Not to sure on much else. So far within a week it has grown twice its size and I really like the needle like leaves. I have mine in a 20 gallon, 55 watts PC, pH 6.7, kh 3 with C02. Makes a great filler. All the info above is based on my 1 week experience.

Mike
http://fish.silver-fox.us

[This message was edited by mm12463 on Sun December 14 2003 at 09:22 PM.]


----------



## Guest

Here is Top view










-------------
Regards,
Jay Luto


----------



## Justin Fournier

I can tell you that given even a decent amount of nutrients and light, this plant will grow like no other. Once it established in my tank, it required pruning every couple days. I believe JoneZay had much the same experiance.
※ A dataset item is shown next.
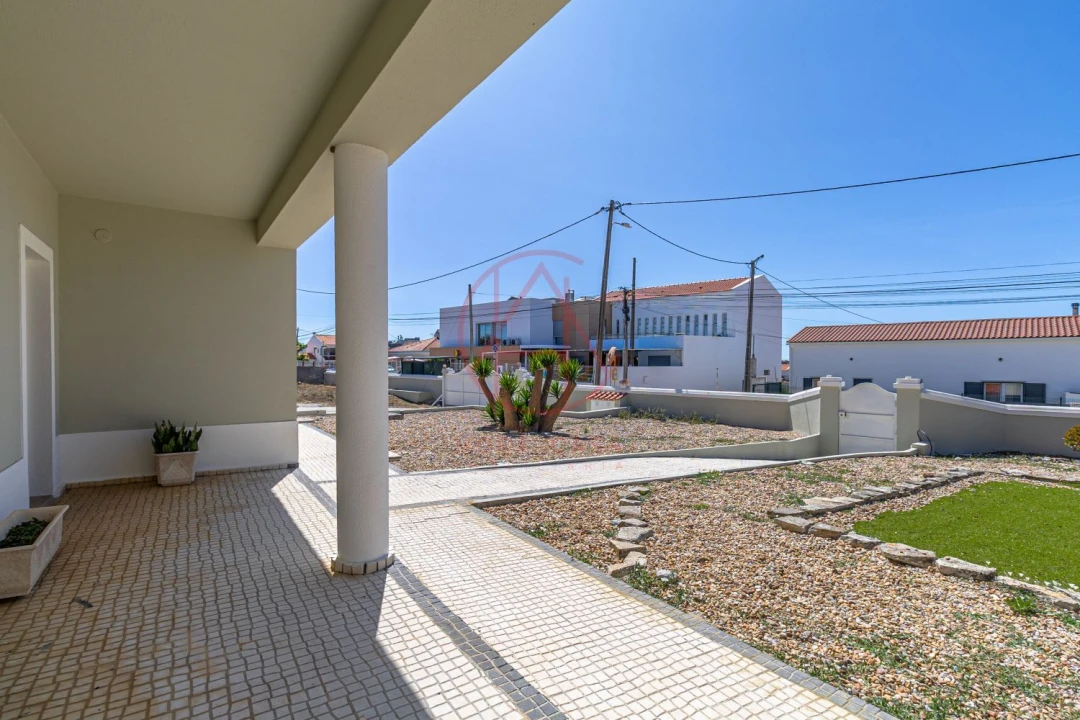 Moradia T5 para Venda em Sesimbra (Castelo) Foto 60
I would do this plant in a low light setup next time, to keep it more managable.


----------



## Kevin Jones

the stuff is nuts!!! once settled in, in tanks ranging from 2-4wpg with CO2 this plant was growing an inch or two daily!! I now have it in a lower light non-CO2 tank so i can actually keep up with it


----------



## Astrid

I have the similar experiences with this plant. It grows really fast.


----------



## Rumpled

I have two questions with this plant, how do you get the red colour, I have the plant in a 90 gallon with 3 X 150 metal halides at 5700K and given this light why is the plant got long internode lengths, could it be the temp, the light colour or is there some other factor I am not aware of?

Paul


----------



## Robert Hudson

Good question! I have never seen red Ambulia either!


----------



## Robert Hudson

BTW, this plant has become a federal noxious weed, meaning it is illegal in all 50 states.


----------



## imported_pineapple

My experience of growing this in a 30g 3.6 wpg tank is that the internodes are long. In another tank, a 20g at about 2.6 wpg, the internodes are compact (short) and the leaf form is fine and feathery (lovely actually, more so than in the high light tank). Both tanks have CO2 and similar NPK regimes.

Andrew Cribb


----------



## EDGE

the redness comes from intense lighting and high micro nutrients. My sessilfolia was similar to ones in the photo, but I had to pull the plant out. It was growing too fast for the back of the 75 gallon. The plant was choking out the light for the other plants within a few days of pruning.


----------



## imported_russell

my ambulia turns redish-yellow when it reaches up around the top 4 inches of my tank. man robert, i am breaking another law!!


----------